■ TASK ITEM ■
The listing below should be printed again word for word, without any images.

■ SUPPLIED INFORMATION ■
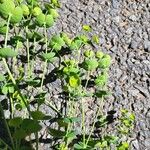 Euphorbia segetalis Virág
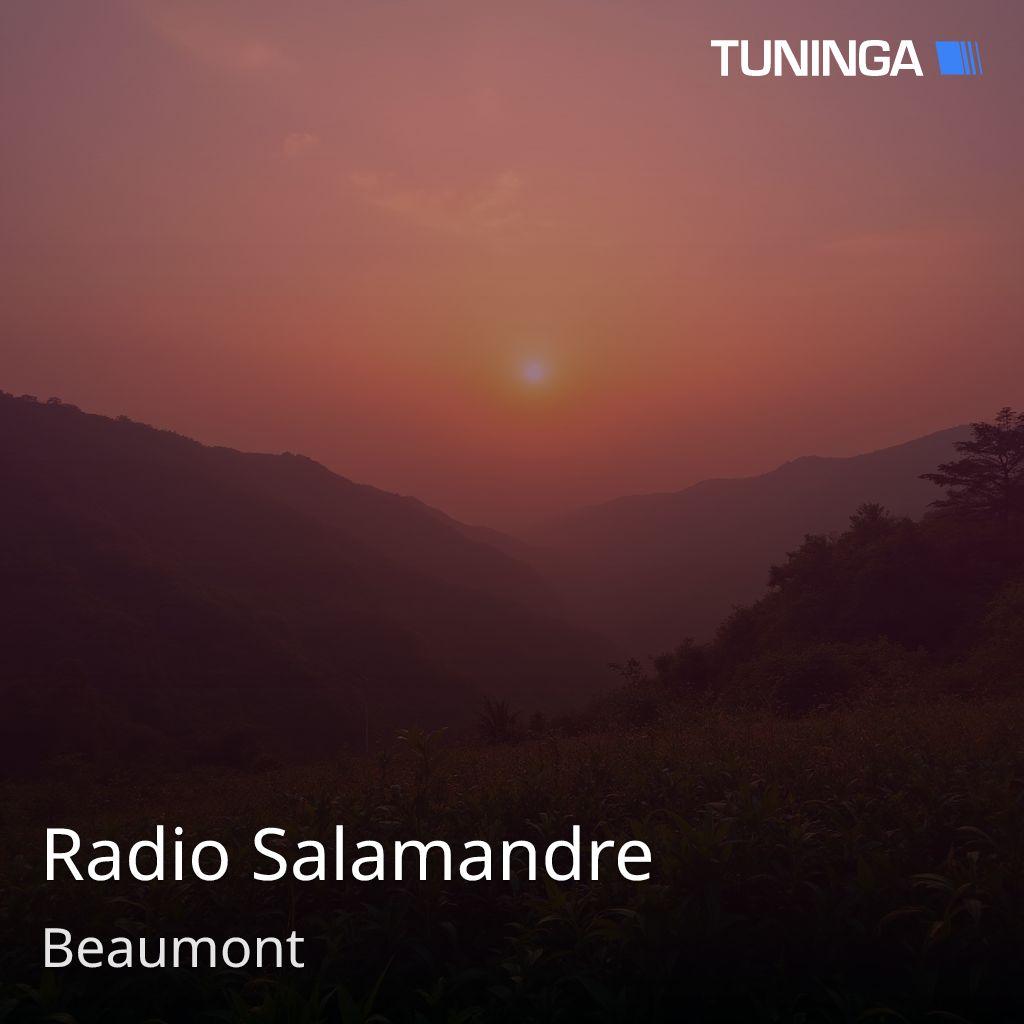 Radio Salamandre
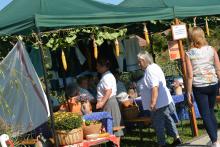 Gasztronómiai szekció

■ ANSWER SECTION ■
 Euphorbia segetalis Virág
 Radio Salamandre
 Gasztronómiai szekció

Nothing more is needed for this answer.